● **What you need to do**: Please return the full listing word for word, leaving out any pictures.

● **Given data**:
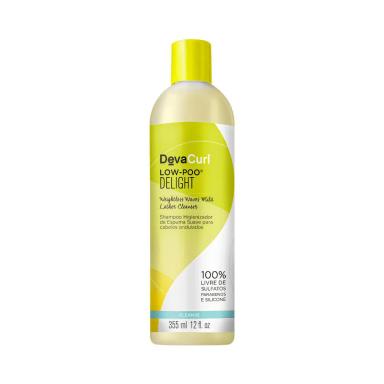DEVA CURL LOW POO DELIGHT SHAMPOO 355ML
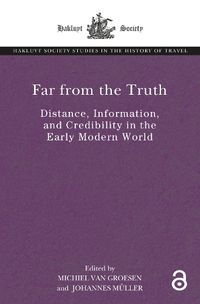 Cover image for Far From the Truth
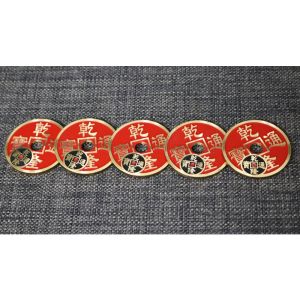 Foto N10 RED REFILL SET (5 COINS) by N2G - Trick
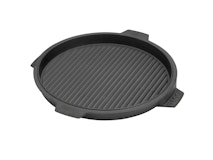 Big Green Egg Gusseisengrillplatte Ø 26 cm für SMALL | MINIMAX Big Green Egg Gusseisengrillplatte Ø 26 cm für SMALL | MINIMAXZubehörbild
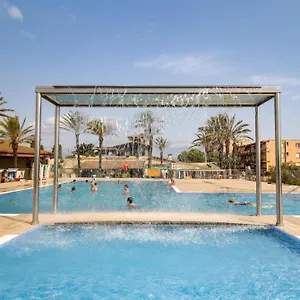  Campingplatz Castell Mar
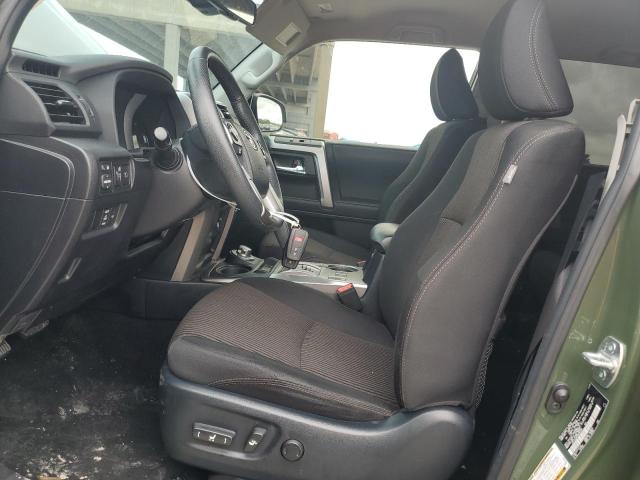 Photo 7 from auction – 2022 TOYOTA 4RUNNER TR with VIN JTETU5JR7N6007331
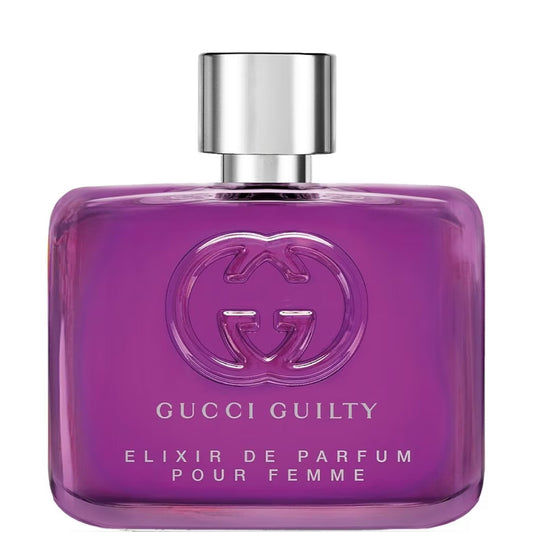 Gucci Guilty Elixir de Parfum Pour Femme - Attenza.net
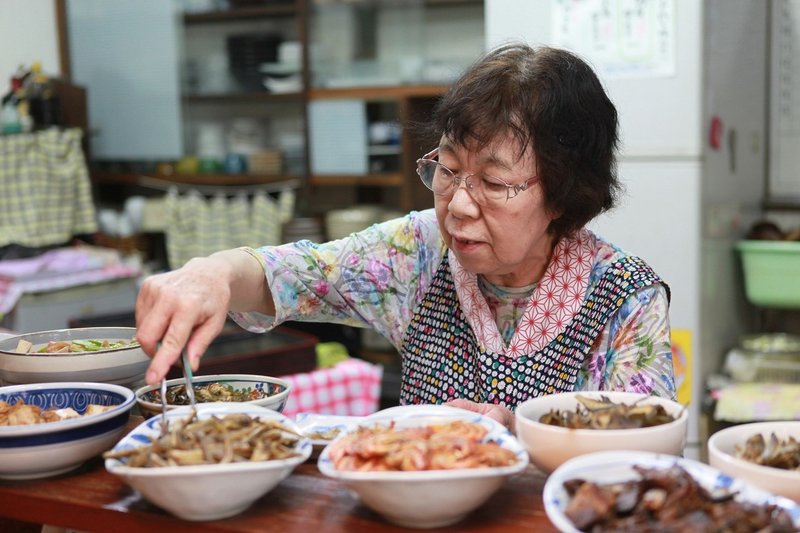 鞆の浦の睦子さんの コチの煮付け Grandma S Life Recipes せとうちdeep Line Trip Note 鞆の浦の睦子さんの コチの煮付け Grandma S Life Recipes せとうちdeep Line Trip Note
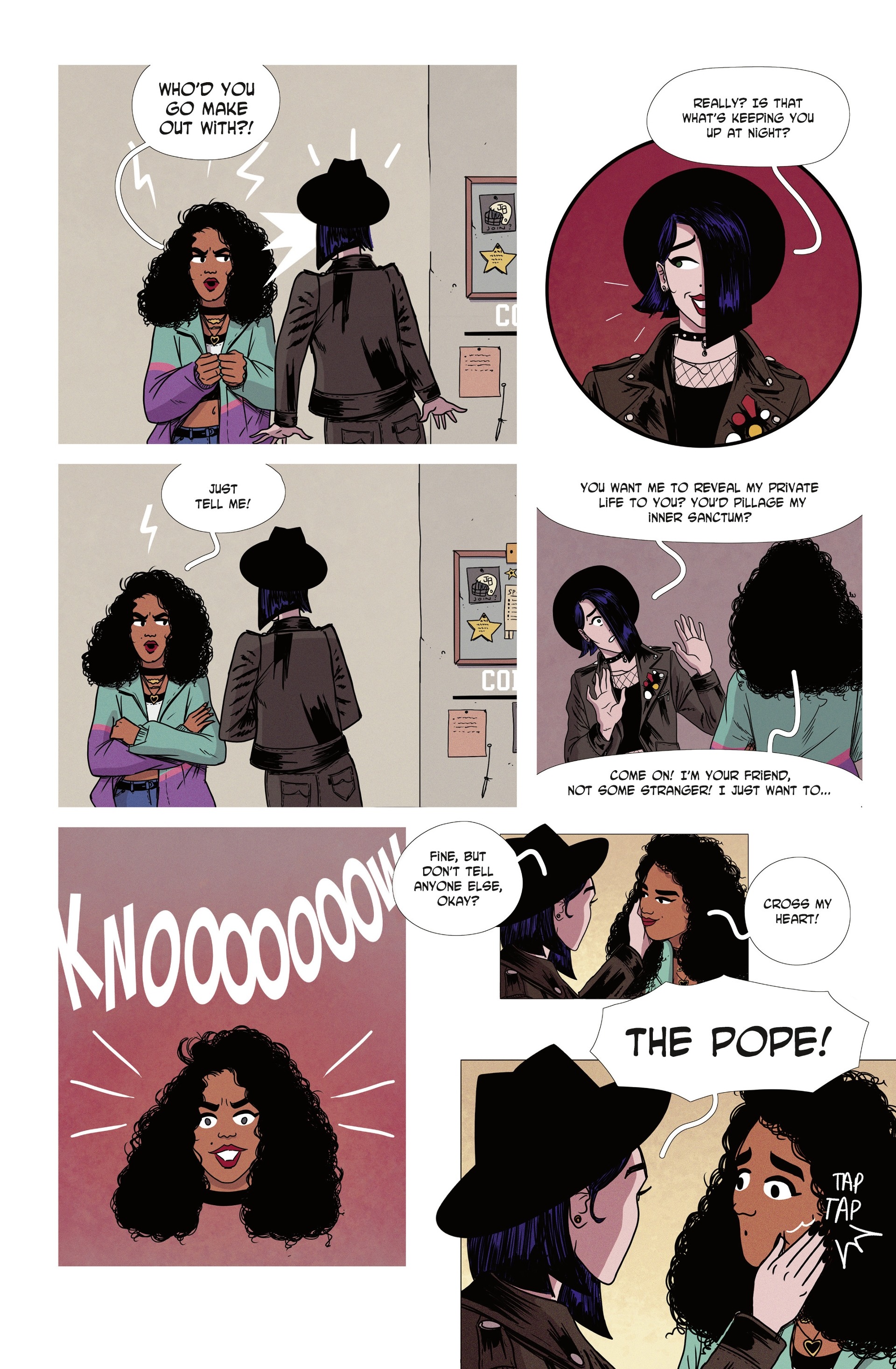 Read online Coven comic -  Issue # TPB (Part 1) - 70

● **Solution to this problem**:
DEVA CURL LOW POO DELIGHT SHAMPOO 355ML
 Cover image for Far From the Truth
 Foto N10 RED REFILL SET (5 COINS) by N2G - Trick
 Big Green Egg Gusseisengrillplatte Ø 26 cm für SMALL | MINIMAX Big Green Egg Gusseisengrillplatte Ø 26 cm für SMALL | MINIMAXZubehörbild
  Campingplatz Castell Mar
 Photo 7 from auction – 2022 TOYOTA 4RUNNER TR with VIN JTETU5JR7N6007331
 Gucci Guilty Elixir de Parfum Pour Femme - Attenza.net
 鞆の浦の睦子さんの コチの煮付け Grandma S Life Recipes せとうちdeep Line Trip Note 鞆の浦の睦子さんの コチの煮付け Grandma S Life Recipes せとうちdeep Line Trip Note
 Read online Coven comic -  Issue # TPB (Part 1) - 70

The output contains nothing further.